Peering inside the structures doesn't reveal much. And they're locked up pretty tight. I don't think even the ghosts from the 18th hole could slip through these bars.
The view from the barrier gives you a good sense of the size of the reservoir.
By contrast, there's nothing too spectacular about the "park" part of the park. A staircase from one level to another. A dog run.
Winding paths. More trees. The moon.
When it was created more than a century ago, Silver Lake Park was envisioned as Staten Island's answer to Central Park and Prospect Park, vast sculptured masterpieces too inconveniently located for Staten Islanders to visit often. It is nothing like those parks.
But it has its own beauty – infrastructural at it may be. And it did fulfill the vision of park visionary John De Morgan, who, addressing the New York State Assembly in Albany in 1900, asked on behalf of his fellow islanders for a place "Where…their children [can be] kept from the contaminating influence of the saloon."
I didn't have a single urge for a whiskey the whole time I was in Silver Lake Park.
All photos © Jon Sobel, Critical Lens Media
Monday, October 5, 2015
Arthur Von Briesen Park
This former estate on the east coast of Staten Island is one of New York City's most serene and beautiful waterfront parks. The elegant sign at the entrance to Arthur Von Briesen Park is a good clue in itself.
Signs don't always reflect the aesthetic of what's inside, of course. But the handsome lettering and stone wall suggest this place belonged to someone of means, and the park's sweeping paths and green lawns evoke the upper-crust life too.
Arthur Von Briesen wasn't a typical rich gentleman, though. In 1876 the German immigrant and Civil War veteran helped found the German Legal Aid Society for the benefit of poor German immigrants. Later he became its president. In 1896 it evolved into the (just plain) Legal Aid Society, offering free legal services to cityfolk wherever they came from.
"Von Briesen argued," says the Parks Department website and historic sign, "that the benefits of democracy should be available to all, regardless of nationality. Immigrants, he believed, made better citizens when they are treated justly." It's wisdom some of today's public figures might do well to take to heart.

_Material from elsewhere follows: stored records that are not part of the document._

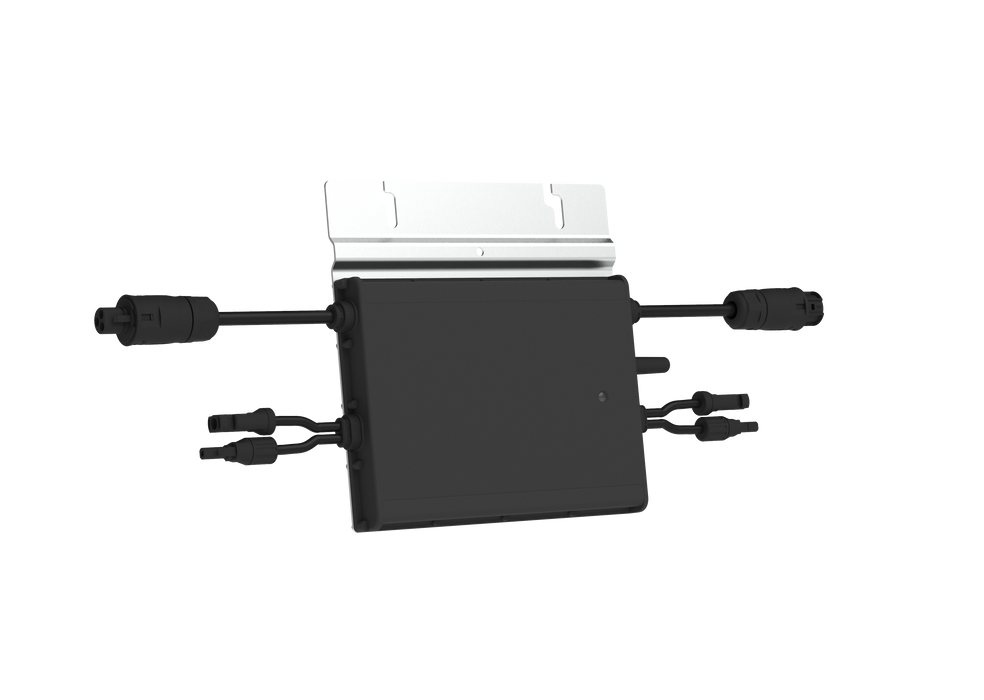 Hoymiles HM-600 Micro-Wechselrichter 600W Hoymiles HM-600 Micro-Wechselrichter 600W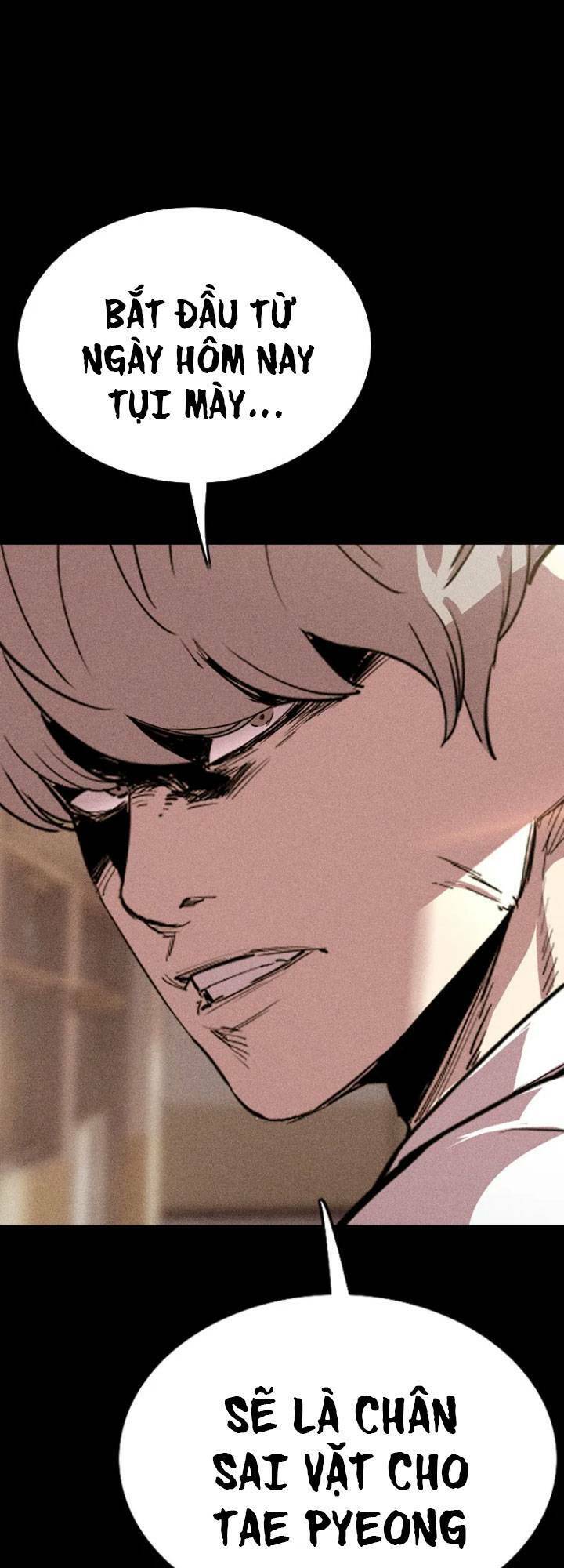Bạt Tai Chapter 9 - Trang 2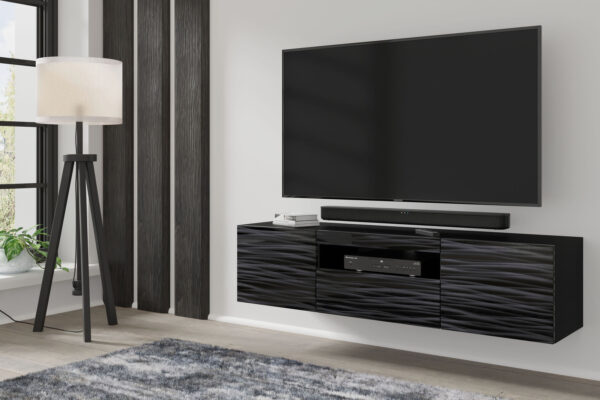 RTV AURA 150 aranz wiszaca A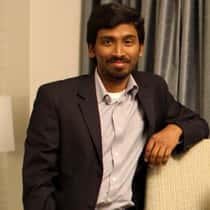 Dinesh Babu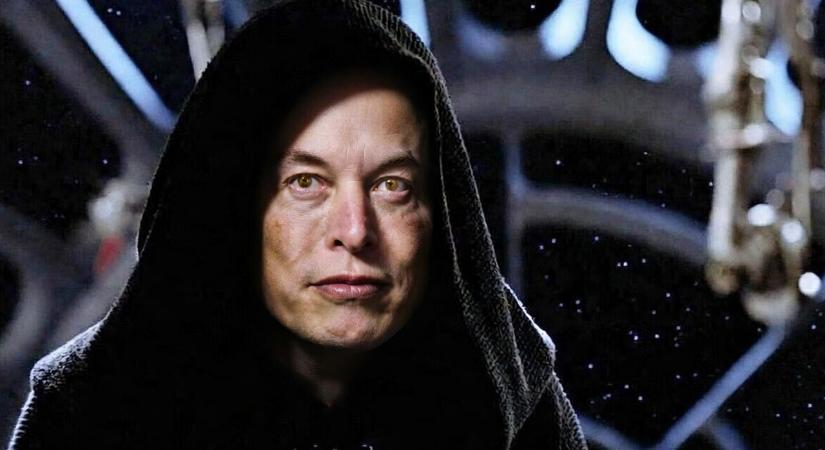 A Föld teraformálásával építene galaktikus birodalmat Elon Musk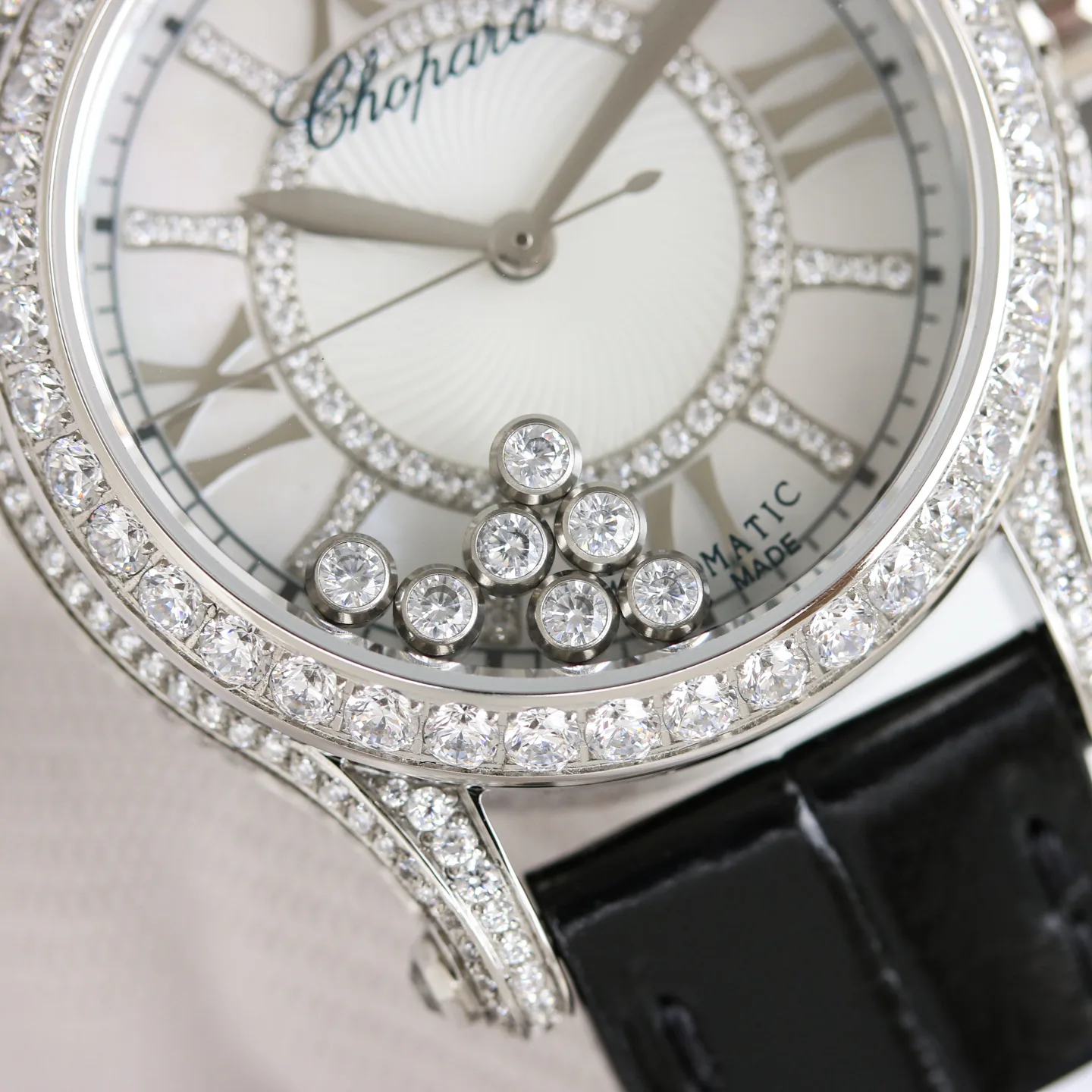 Часы Женские Chopard 13552240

Look northward and there's the lower Manhattan skyline.
Look south to Fort Wadsworth and the Verrazano-Narrows Bridge.
After Von Briesen died in 1920 the estate lay fallow until his heirs donated it to Parks. Parks Commissioner Robert Moses had the decrepit remaining structures demolished, and the park opened to the public in 1949. A renovation in 2001 has left us with the park in its present state, with some of Von Briesen's red oaks, horsechestnuts, and tulip trees lingering.
My favorite quote from the historic sign reads: "Frequent attempts to add active recreation facilities to this site failed as Parks determined that the site remain 'the most beautiful passive park in the city.'" It's hard to argue with that.